## SOURCE MATERIAL
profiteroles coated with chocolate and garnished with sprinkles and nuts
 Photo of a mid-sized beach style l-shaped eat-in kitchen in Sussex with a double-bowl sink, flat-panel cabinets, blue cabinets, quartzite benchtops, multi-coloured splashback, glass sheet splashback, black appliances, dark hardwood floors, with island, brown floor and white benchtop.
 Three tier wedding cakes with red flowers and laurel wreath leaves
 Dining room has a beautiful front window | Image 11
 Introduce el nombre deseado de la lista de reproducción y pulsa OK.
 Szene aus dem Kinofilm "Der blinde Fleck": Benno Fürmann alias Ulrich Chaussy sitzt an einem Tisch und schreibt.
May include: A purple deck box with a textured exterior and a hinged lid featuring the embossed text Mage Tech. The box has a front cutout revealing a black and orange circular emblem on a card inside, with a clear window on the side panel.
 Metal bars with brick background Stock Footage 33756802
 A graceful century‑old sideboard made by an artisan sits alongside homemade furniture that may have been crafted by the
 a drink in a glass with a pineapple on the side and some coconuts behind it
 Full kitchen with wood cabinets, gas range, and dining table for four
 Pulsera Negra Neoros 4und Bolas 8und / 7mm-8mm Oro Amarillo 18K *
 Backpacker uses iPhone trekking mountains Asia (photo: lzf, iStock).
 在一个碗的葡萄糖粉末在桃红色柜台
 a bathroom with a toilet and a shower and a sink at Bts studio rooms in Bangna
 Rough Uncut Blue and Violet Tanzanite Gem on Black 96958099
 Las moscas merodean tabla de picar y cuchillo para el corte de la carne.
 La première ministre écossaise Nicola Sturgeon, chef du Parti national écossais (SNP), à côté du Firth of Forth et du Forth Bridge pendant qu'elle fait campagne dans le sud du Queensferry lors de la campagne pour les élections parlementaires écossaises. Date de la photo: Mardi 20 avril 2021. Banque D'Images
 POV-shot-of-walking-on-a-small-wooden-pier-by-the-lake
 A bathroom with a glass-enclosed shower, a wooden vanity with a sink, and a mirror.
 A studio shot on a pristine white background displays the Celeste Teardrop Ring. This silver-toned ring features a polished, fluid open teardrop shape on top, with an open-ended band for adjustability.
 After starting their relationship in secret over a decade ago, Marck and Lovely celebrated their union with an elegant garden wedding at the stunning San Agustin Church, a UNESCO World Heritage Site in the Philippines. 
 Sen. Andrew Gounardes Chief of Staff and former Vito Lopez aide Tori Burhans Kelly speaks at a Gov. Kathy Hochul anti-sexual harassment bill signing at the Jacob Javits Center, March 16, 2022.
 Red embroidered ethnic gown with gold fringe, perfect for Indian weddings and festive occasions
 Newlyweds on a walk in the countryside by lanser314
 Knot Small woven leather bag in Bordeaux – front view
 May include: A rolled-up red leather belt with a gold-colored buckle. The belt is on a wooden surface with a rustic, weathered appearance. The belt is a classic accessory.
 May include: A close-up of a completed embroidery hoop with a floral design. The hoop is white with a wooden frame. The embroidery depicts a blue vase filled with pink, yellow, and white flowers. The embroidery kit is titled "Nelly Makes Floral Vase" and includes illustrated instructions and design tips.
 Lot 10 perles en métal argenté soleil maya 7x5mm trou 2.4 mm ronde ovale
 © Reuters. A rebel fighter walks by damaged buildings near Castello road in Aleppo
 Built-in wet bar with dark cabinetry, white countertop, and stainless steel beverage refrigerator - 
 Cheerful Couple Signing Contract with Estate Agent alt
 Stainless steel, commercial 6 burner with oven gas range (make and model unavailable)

## BRIEF
Only lines with the word "shot" count here; copy every one from the records.

## OUTPUT
 POV-shot-of-walking-on-a-small-wooden-pier-by-the-lake
 A studio shot on a pristine white background displays the Celeste Teardrop Ring. This silver-toned ring features a polished, fluid open teardrop shape on top, with an open-ended band for adjustability.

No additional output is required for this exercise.